The rumors that Bush is willing to consider tax increases on upper income people to make progress on issues he views as important to his legacy gained credence yesterday. In his press conference yesterday Bush as much as said so, per the WaPo:
Signaling a new flexibility on issues in the wake of the Democrats' wins, Bush said he is willing to discuss Democratic ideas for solving the Social Security problem, including tax increases. "I don't see how you can move forward without people feeling comfortable about putting ideas on the table," Bush said when asked about the prospect of tax increases to keep Social Security solvent. "I have made it clear that I have a way forward that can do it [without raising taxes] and I want to hear other people's opinions."
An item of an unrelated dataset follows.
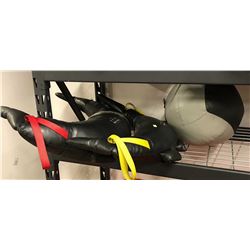 LOT WITH BULGARIAN MEDICINE BALL SIZE 8KG AND 17KG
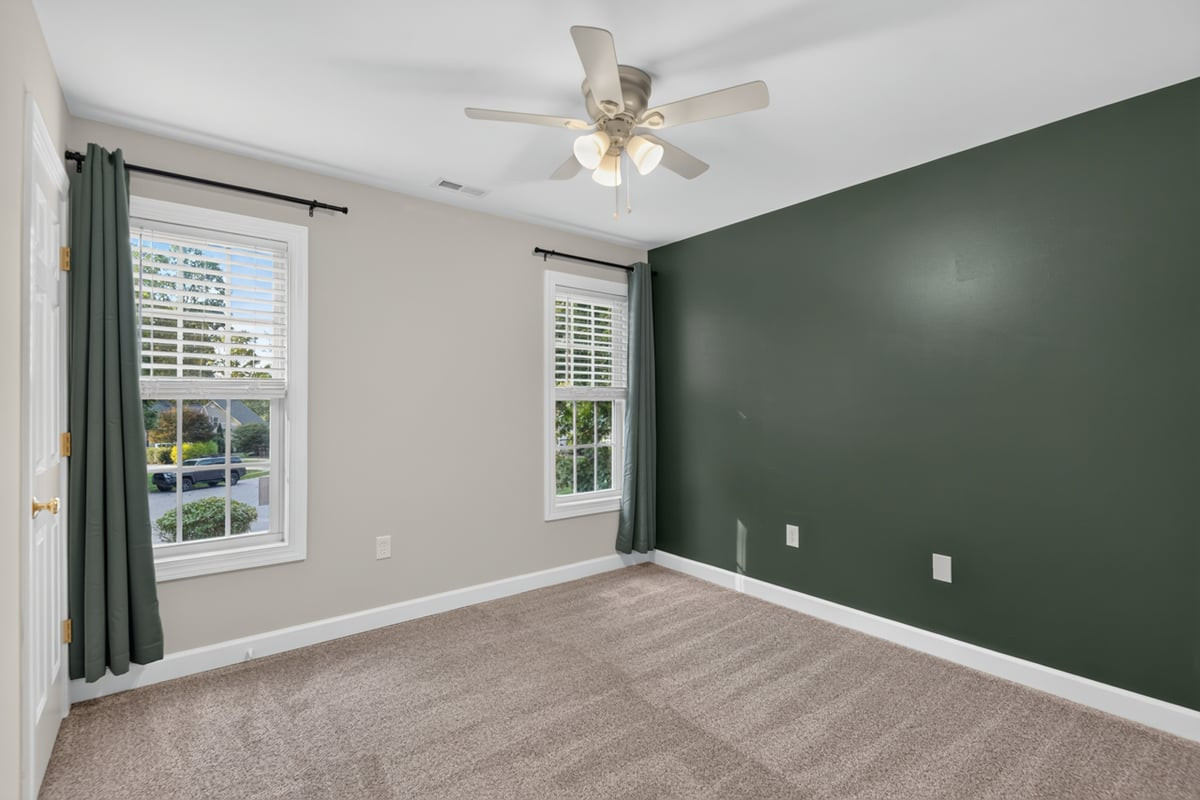 2315 Red Oak Court Property Photo 27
The deals most often talked about to secure Social Security's finances would combine an increase in the level of salaries subject to the payroll tax, set to rise to $97,500 next year, with some shrinkage of benefits for those retiring in a few years, either by way of increasing the age of retirement (with full benefits), now 67 for those born in 1960 or later, which also reduces the initial benefit for those who begin to draw benefits at age 62, or by so-called "progressive indexing," which ties the calculation of initial benefits to the rate of inflation, rather than to wage increases, ultimately resulting in a lower initial benefit for workers who make more than $25,000 a year (in today's dollars) at retirement.
In the last two years the focus has been on Bush's insistence on private accounts. Dems refused to even discuss the topic of changing Social Security so long as private accounts, funded by some percentage of payroll taxes, was on the table. But even if Bush takes carve-out private accounts off the table, and agrees to consider increases in the payroll tax as part of a deal, Dems should still decline the invitation to tinker with this highly successful program. Why? Because so long as payroll taxes exceed benefits paid, which they will until at least 2017 under the current system, and as long as Bush insists the Social Security Trust Fund is a phantom, any increases in payroll taxes will just fund the war and tax cuts for the very rich. They will not put Social Security on a sounder financial footing than it is now because there is no real mechanism to ensure that result.